Would you return, word for word, the lines running from the one with "Aquarium Lanzarote" to the final line of the listing below, pictures omitted?

Segment Start: PROVIDED RECORDS

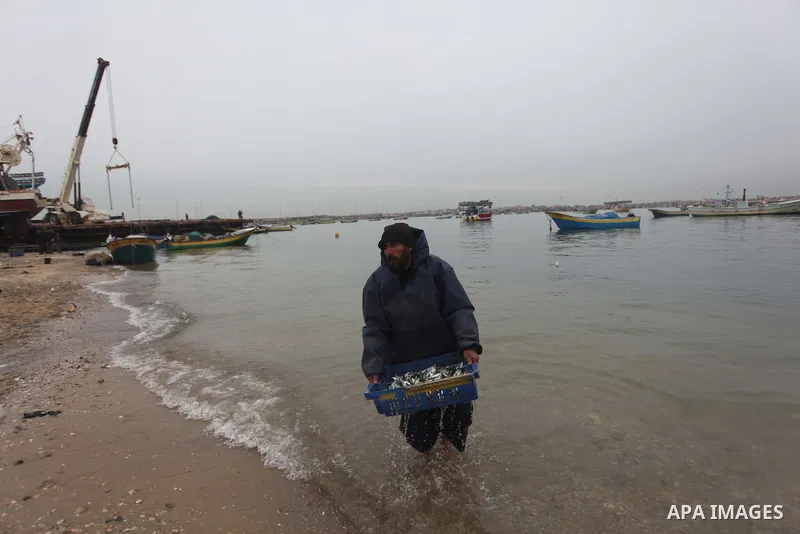 A Palestinian fisherman collects fish from his net at Gaza's seaport of Gaza City on February 23, 2015. Copious fish flowed to the coast of the Gaza Strip after fishermen break due to the storm that hit the region. Photo...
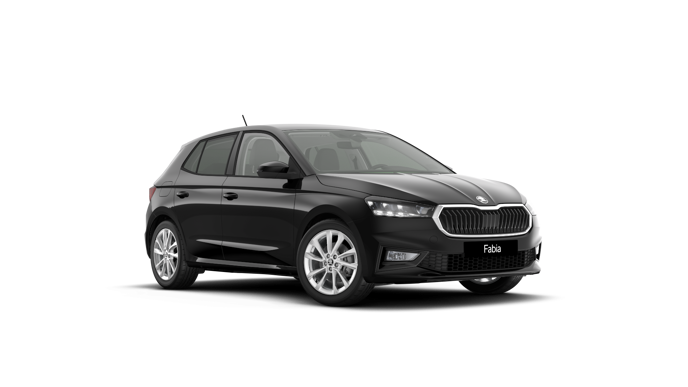 Imagem de um Fabia Selection1.0TSI 116cv DSG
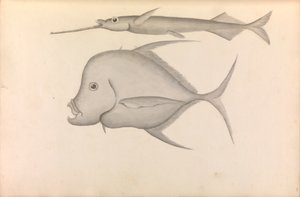乔治-安森准将环球航行记事 作者 乔治·安森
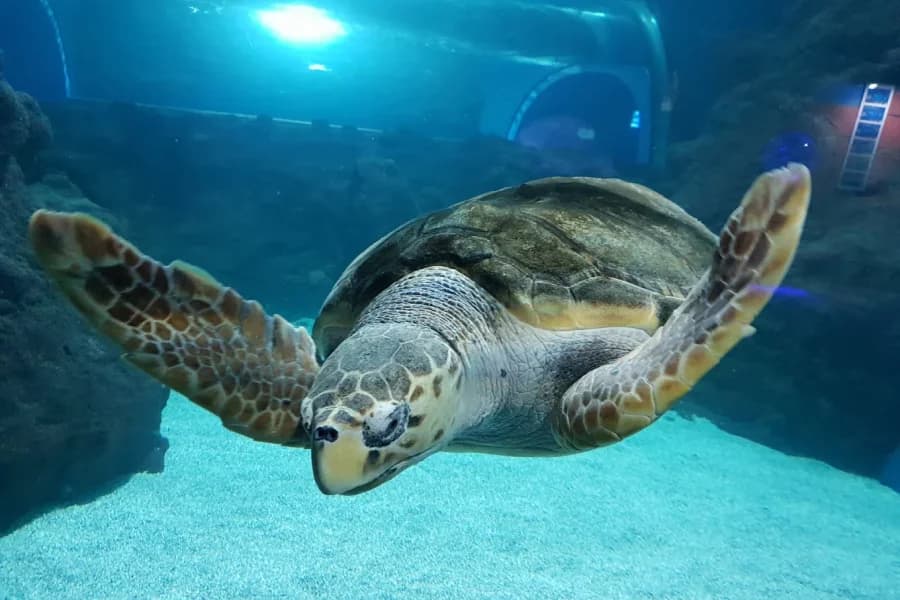 Aquarium Lanzarote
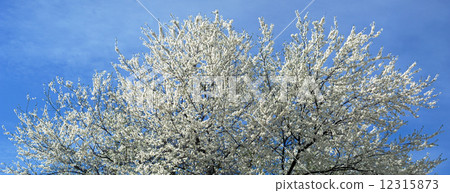 Blossoming tree 12315873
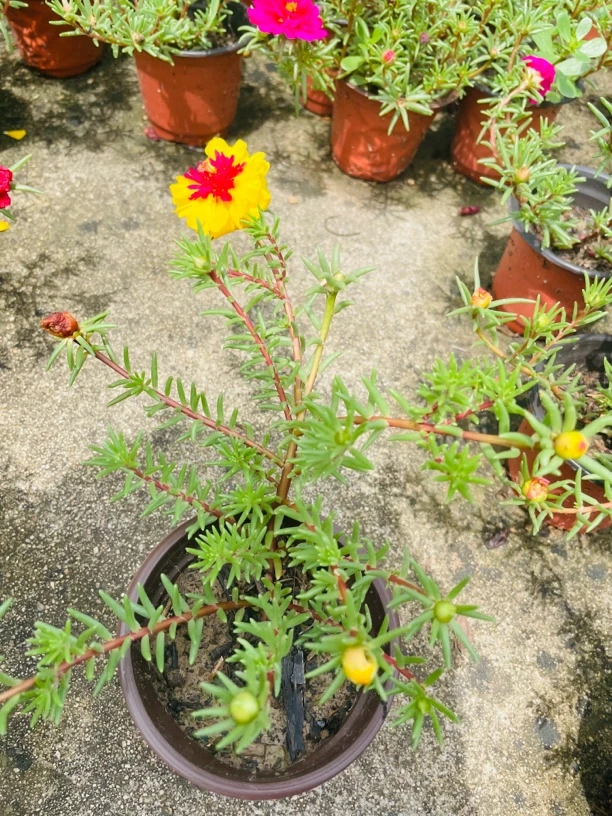 籽播重瓣太阳花2盆,带盆带土发货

Segment End: PROVIDED RECORDS

RESULT FOR THIS EXERCISE:
 Aquarium Lanzarote
 Blossoming tree 12315873
 籽播重瓣太阳花2盆,带盆带土发货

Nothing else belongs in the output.